The Capitol Hill Ecodistrict is at the heart of Seattle’s LGBTQ+ community and is home to more artists than any other neighborhood in the city. Its residents, more than 80% of whom are renters, represent a range of identities, backgrounds, and experiences. Over the past two decades, Capitol Hill has faced unprecedented growth spurred by a new light rail station and proximity to South Lake Union, one of the fastest-growing tech hubs in the country.

The Capitol Hill EcoDistrict began in 2011 to address runaway growth in Seattle by ensuring that community priorities are reflected in the neighborhood’s significant developments. By engaging community leaders, small business owners, government agencies, and local media, the EcoDistrict has grown its capacity to shape development amid rapid growth, gentrification, and displacement that threatens residents, businesses, and community institutions.
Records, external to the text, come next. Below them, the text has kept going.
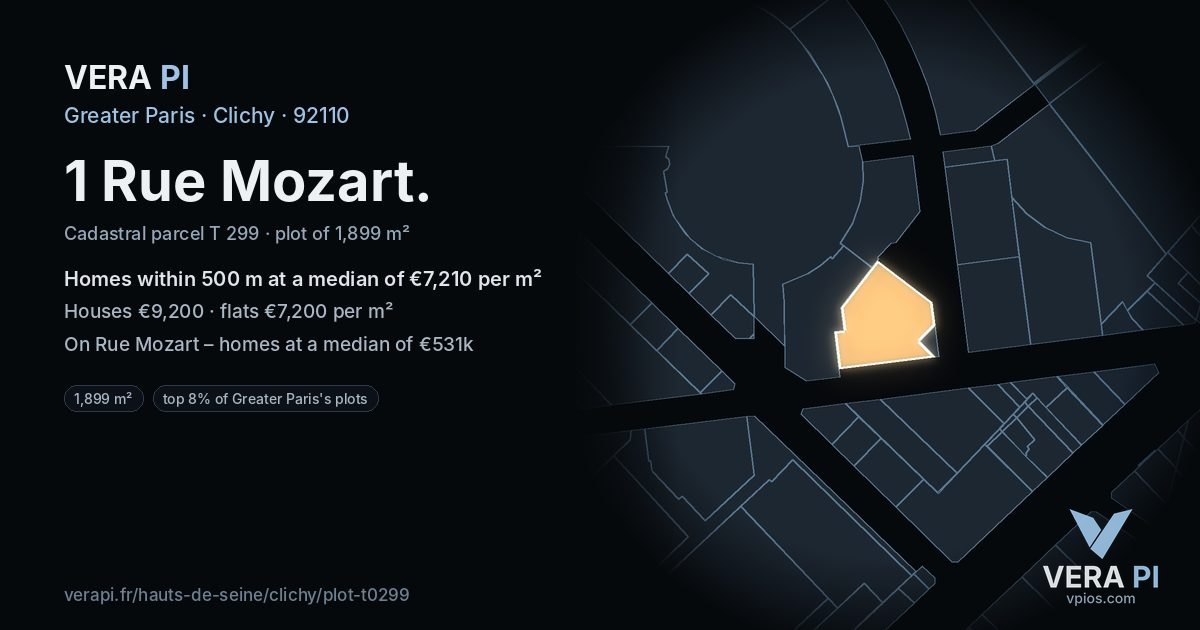 1 Rue Mozart, Clichy at night – the plot lit, the parcels around coloured by the prices near them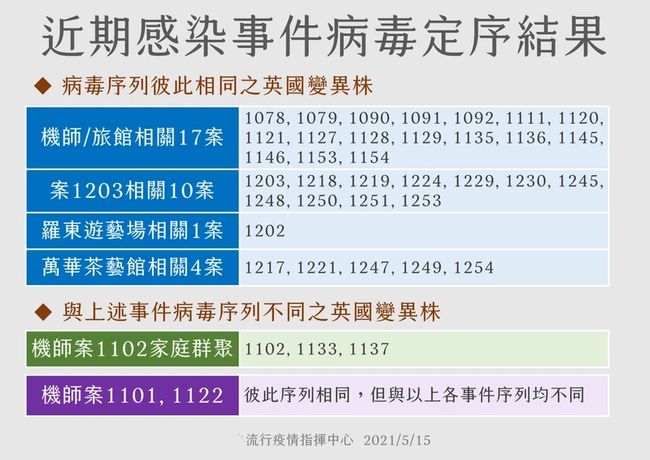 台湾疫情最新情况公布，挑战与应对策略，台湾疫情最新动态，挑战与应对策略揭秘
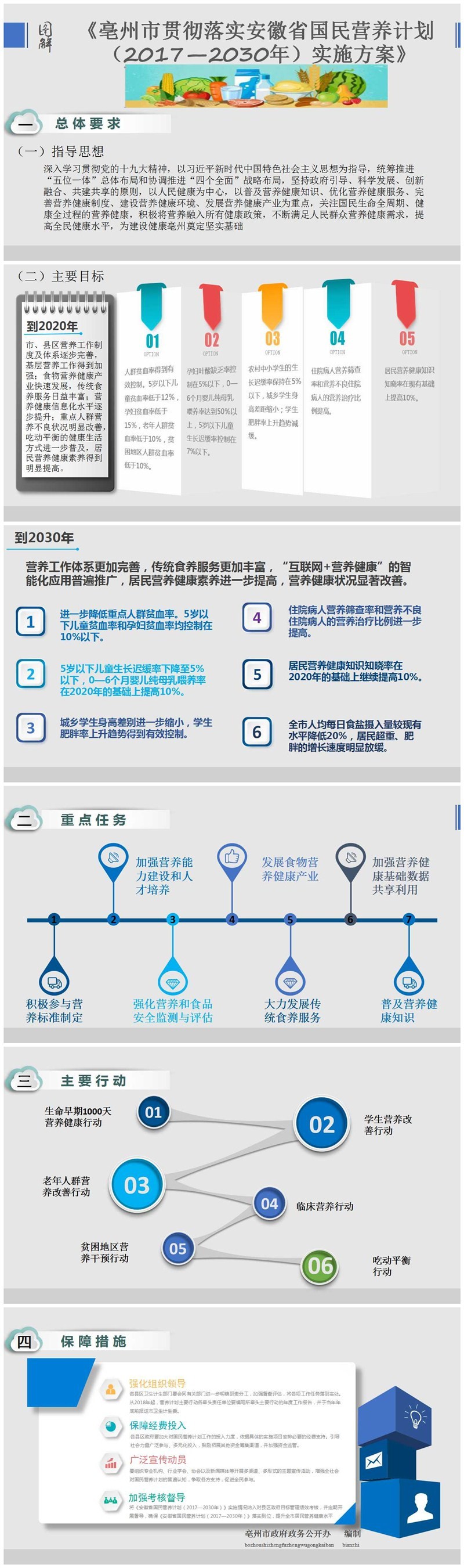 营养计划.jpg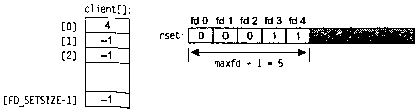 UNIX: разработка сетевых приложений img_58.png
This public development authority has worked with Seattle Parks and other city departments to be a conduit for more equitable community engagement, particularly since 2020.
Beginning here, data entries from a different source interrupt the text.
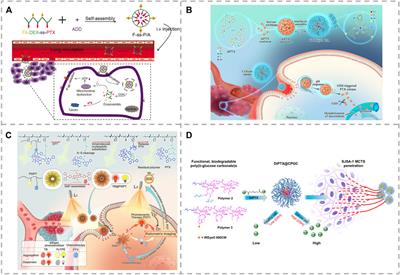 Recent Advances in Stimuli-Sensitive Amphiphilic Polymer-Paclitaxel <mark class="highlighted">Prodrugs</mark>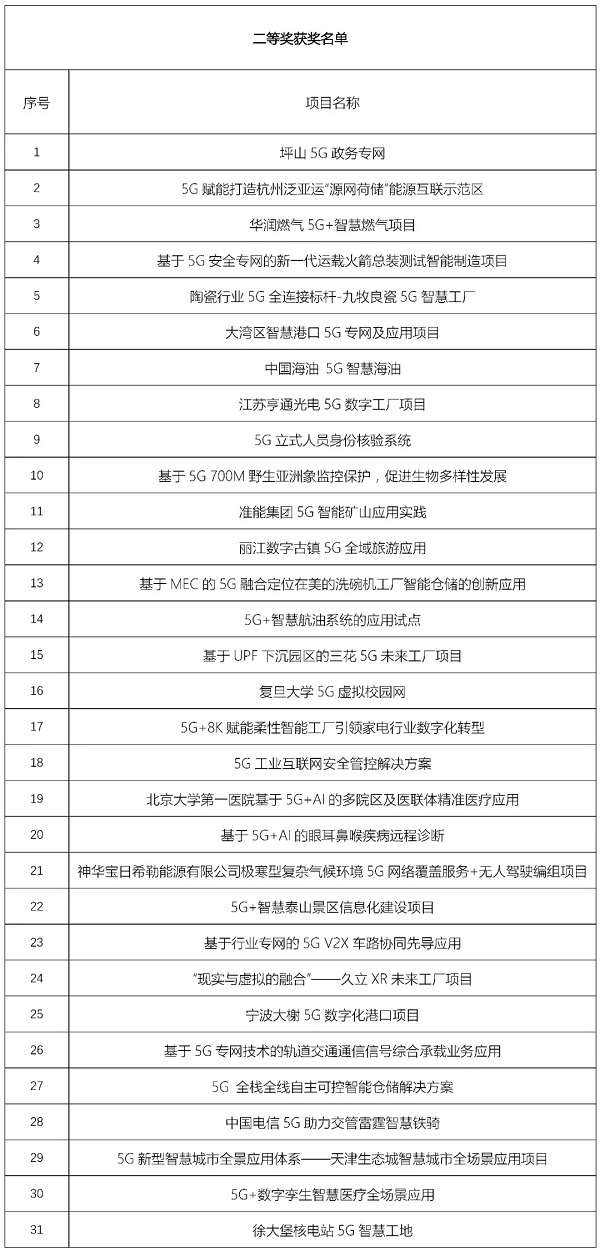 第四届“绽放杯”5G应用征集大赛总决赛在深圆满落幕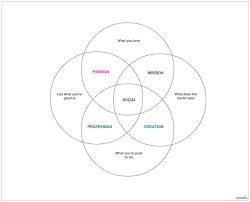 Ikigai Template Ikigai Template To Easily Create Ikigai Charts Online Find The Inner You By Filling The Ikigai Venn Diagram Venn Diagram Diagram Templates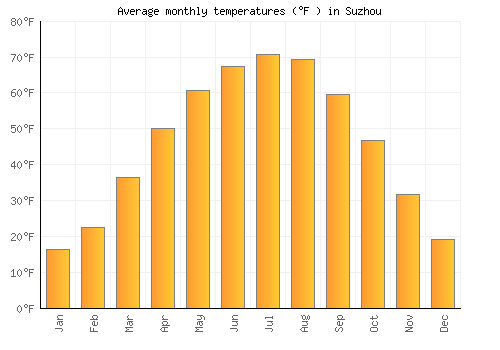 Suzhou average temperature chart (Fahrenheit)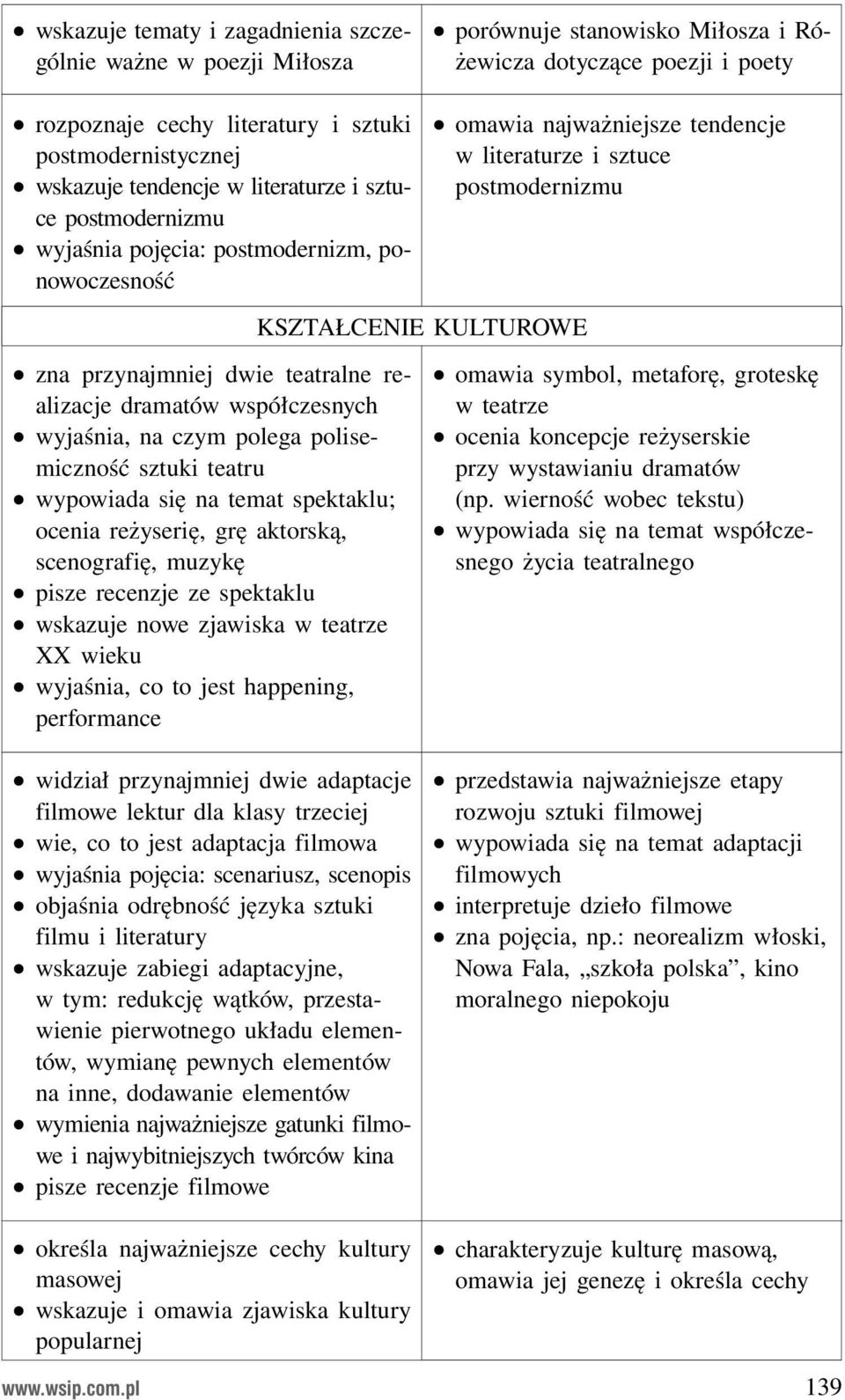 przynajmniej dwie teatralne realizacje dramatów współczesnych wyjaśnia, na czym polega polisemiczność sztuki teatru wypowiada się na temat spektaklu; ocenia reżyserię, grę aktorską, scenografię,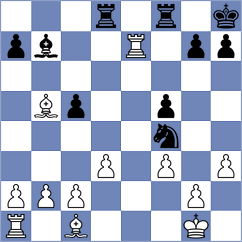 Manon Og - Kotlyar (chess.com INT, 2023)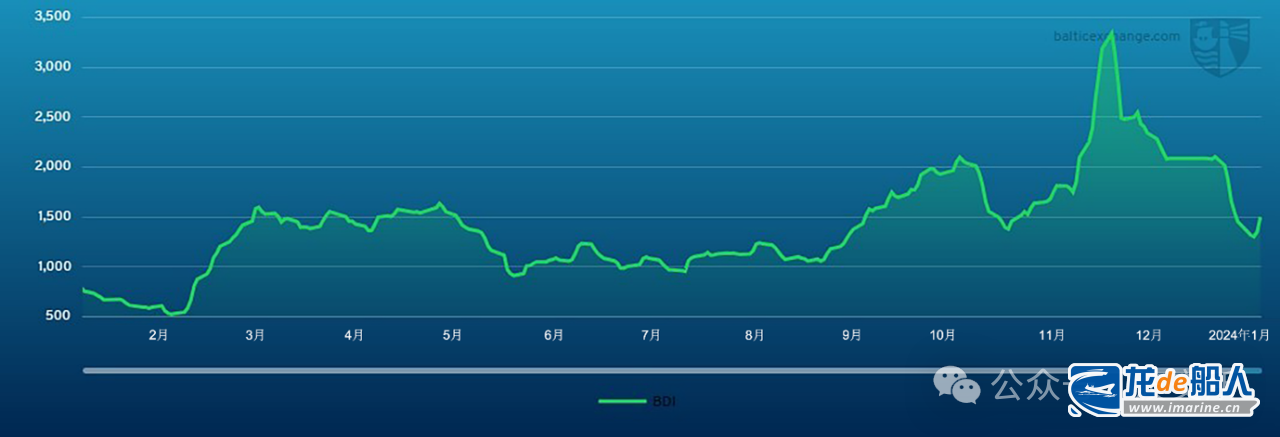 波交所：每周运费市场报告2024年1月19日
Join the executive director and board member of the EcoDistrict on this guided tour of the neighborhood and hear about their innovative community-centered approach to engagement, see public art installations (including a rain garden), and learn about actions taken to address disparities in pedestrian/vehicle safety, heat island, and access to green space. This holistic approach to health assessment and public life planning as an anti-displacement tool has captured the attention of City planning, parks, transportation, and council people. It has helped shape narratives that integrate diverse issues with health, such as the land use and design review process, the post-protest police consent decree, park management, and street use permits.